Exercise data:
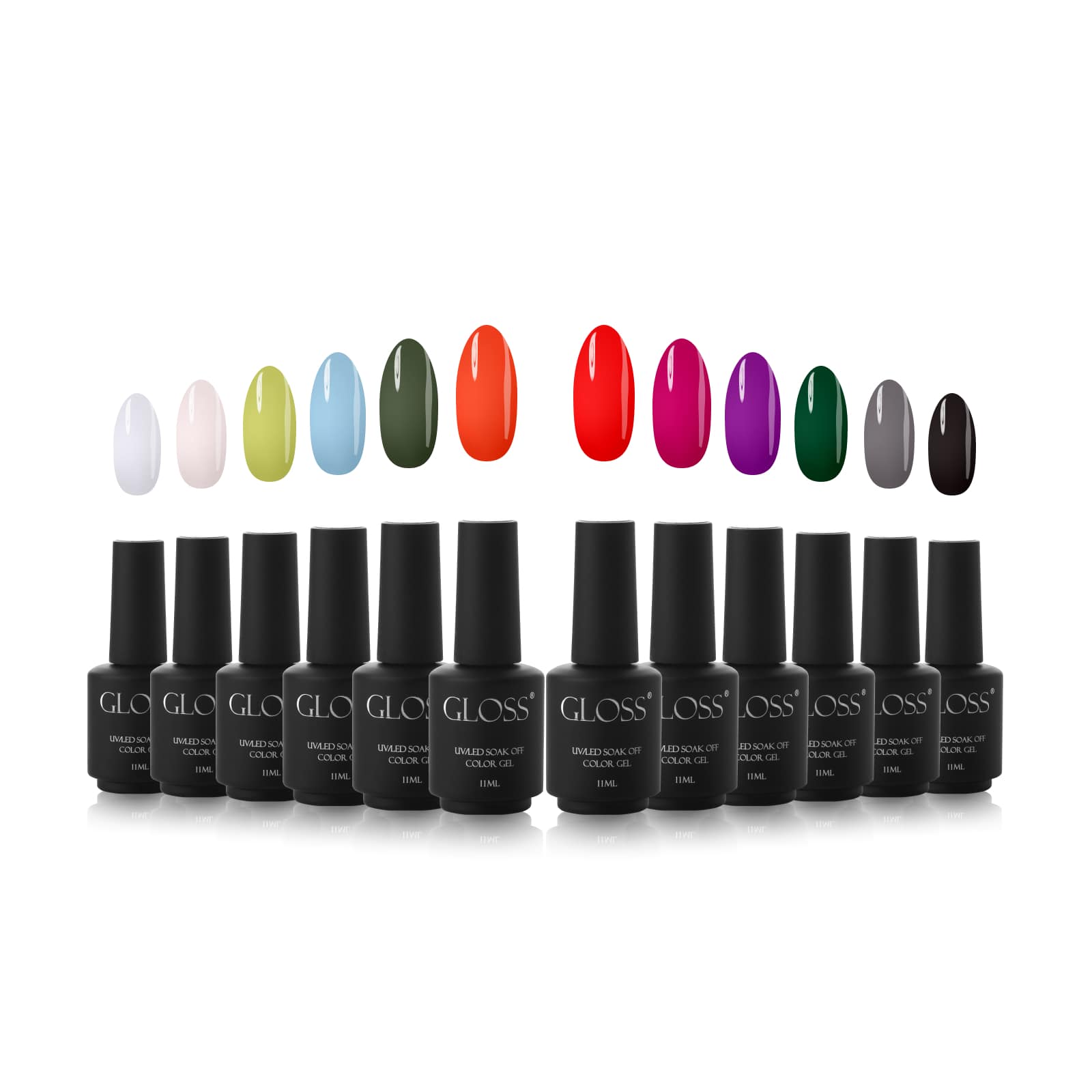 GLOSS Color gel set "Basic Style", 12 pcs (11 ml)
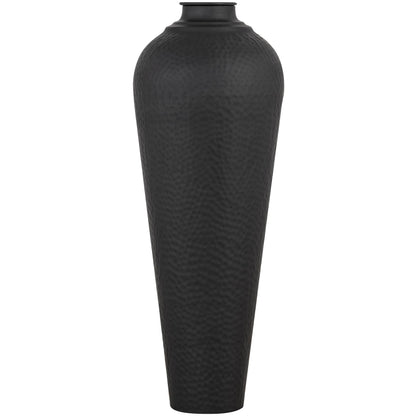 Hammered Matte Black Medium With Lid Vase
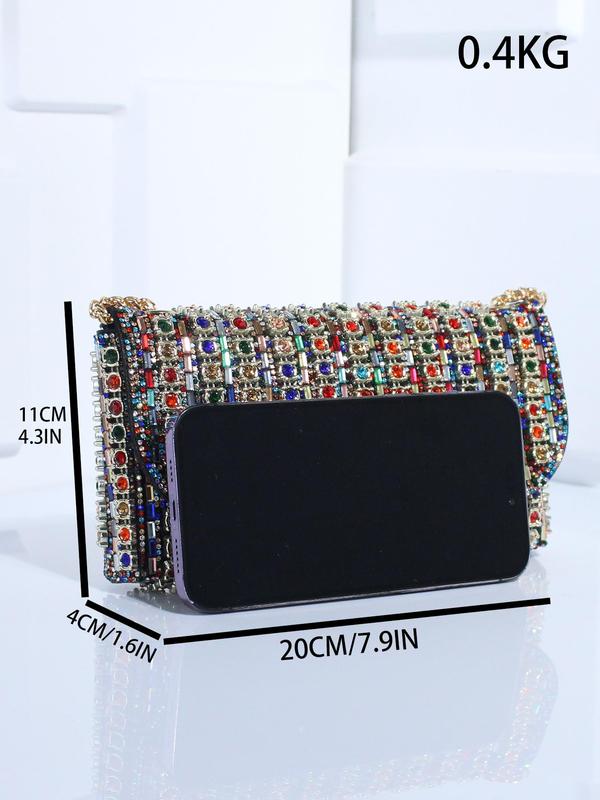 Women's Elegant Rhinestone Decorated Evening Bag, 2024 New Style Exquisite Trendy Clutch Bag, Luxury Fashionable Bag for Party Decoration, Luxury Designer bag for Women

Exercise: The expected answer is the listing above, duplicated exactly, with its pictures removed.

Response below:
 GLOSS Color gel set "Basic Style", 12 pcs (11 ml)
 Hammered Matte Black Medium With Lid Vase
 Women's Elegant Rhinestone Decorated Evening Bag, 2024 New Style Exquisite Trendy Clutch Bag, Luxury Fashionable Bag for Party Decoration, Luxury Designer bag for Women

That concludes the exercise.